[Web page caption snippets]
----
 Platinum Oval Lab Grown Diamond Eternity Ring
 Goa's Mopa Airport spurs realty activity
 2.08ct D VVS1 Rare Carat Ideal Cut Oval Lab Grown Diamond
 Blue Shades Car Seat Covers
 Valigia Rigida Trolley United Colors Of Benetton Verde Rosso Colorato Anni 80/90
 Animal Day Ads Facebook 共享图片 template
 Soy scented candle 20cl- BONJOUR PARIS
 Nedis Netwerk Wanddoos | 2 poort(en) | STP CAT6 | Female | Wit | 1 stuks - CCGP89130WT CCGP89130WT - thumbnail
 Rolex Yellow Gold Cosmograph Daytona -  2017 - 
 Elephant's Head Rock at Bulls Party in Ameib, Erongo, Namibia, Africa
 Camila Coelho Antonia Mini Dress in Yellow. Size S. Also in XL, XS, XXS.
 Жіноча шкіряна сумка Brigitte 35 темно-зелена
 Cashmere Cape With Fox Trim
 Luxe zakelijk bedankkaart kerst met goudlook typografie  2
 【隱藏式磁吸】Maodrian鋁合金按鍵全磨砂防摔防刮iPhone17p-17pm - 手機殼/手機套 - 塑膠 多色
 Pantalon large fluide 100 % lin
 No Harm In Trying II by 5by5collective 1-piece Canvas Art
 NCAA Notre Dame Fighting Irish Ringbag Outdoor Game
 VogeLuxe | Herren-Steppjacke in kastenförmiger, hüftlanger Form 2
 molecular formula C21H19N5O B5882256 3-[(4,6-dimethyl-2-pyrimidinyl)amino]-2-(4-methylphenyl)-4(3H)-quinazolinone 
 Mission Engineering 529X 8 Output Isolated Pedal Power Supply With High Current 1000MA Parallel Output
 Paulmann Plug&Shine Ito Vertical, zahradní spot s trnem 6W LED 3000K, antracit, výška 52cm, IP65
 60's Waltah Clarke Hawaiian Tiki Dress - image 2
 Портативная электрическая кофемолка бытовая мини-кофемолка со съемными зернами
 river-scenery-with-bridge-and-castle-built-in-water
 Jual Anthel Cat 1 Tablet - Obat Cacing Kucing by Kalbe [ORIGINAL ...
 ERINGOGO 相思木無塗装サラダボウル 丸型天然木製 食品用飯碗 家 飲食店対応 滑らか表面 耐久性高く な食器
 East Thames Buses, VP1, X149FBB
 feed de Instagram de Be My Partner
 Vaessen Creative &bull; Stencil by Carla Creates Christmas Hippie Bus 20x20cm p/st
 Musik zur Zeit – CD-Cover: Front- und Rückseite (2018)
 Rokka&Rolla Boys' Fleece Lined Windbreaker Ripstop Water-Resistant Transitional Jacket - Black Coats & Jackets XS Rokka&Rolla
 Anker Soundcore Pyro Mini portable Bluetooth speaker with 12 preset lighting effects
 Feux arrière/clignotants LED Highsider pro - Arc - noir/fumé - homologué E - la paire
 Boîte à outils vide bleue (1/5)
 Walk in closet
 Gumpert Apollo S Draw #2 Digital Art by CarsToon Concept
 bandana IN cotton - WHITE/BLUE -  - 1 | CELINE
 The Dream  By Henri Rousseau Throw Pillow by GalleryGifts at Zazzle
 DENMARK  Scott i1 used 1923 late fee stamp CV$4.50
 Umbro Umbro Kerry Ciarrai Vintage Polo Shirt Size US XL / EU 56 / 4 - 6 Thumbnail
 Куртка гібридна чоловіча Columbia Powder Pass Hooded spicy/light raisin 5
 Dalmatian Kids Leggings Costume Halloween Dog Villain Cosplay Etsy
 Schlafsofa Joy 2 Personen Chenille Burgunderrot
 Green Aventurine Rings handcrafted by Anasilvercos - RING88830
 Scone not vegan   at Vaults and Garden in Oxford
----
Return the entries exactly through the "No Harm In Trying" line.

 Platinum Oval Lab Grown Diamond Eternity Ring
 Goa's Mopa Airport spurs realty activity
 2.08ct D VVS1 Rare Carat Ideal Cut Oval Lab Grown Diamond
 Blue Shades Car Seat Covers
 Valigia Rigida Trolley United Colors Of Benetton Verde Rosso Colorato Anni 80/90
 Animal Day Ads Facebook 共享图片 template
 Soy scented candle 20cl- BONJOUR PARIS
 Nedis Netwerk Wanddoos | 2 poort(en) | STP CAT6 | Female | Wit | 1 stuks - CCGP89130WT CCGP89130WT - thumbnail
 Rolex Yellow Gold Cosmograph Daytona -  2017 - 
 Elephant's Head Rock at Bulls Party in Ameib, Erongo, Namibia, Africa
 Camila Coelho Antonia Mini Dress in Yellow. Size S. Also in XL, XS, XXS.
 Жіноча шкіряна сумка Brigitte 35 темно-зелена
 Cashmere Cape With Fox Trim
 Luxe zakelijk bedankkaart kerst met goudlook typografie  2
 【隱藏式磁吸】Maodrian鋁合金按鍵全磨砂防摔防刮iPhone17p-17pm - 手機殼/手機套 - 塑膠 多色
 Pantalon large fluide 100 % lin
 No Harm In Trying II by 5by5collective 1-piece Canvas Art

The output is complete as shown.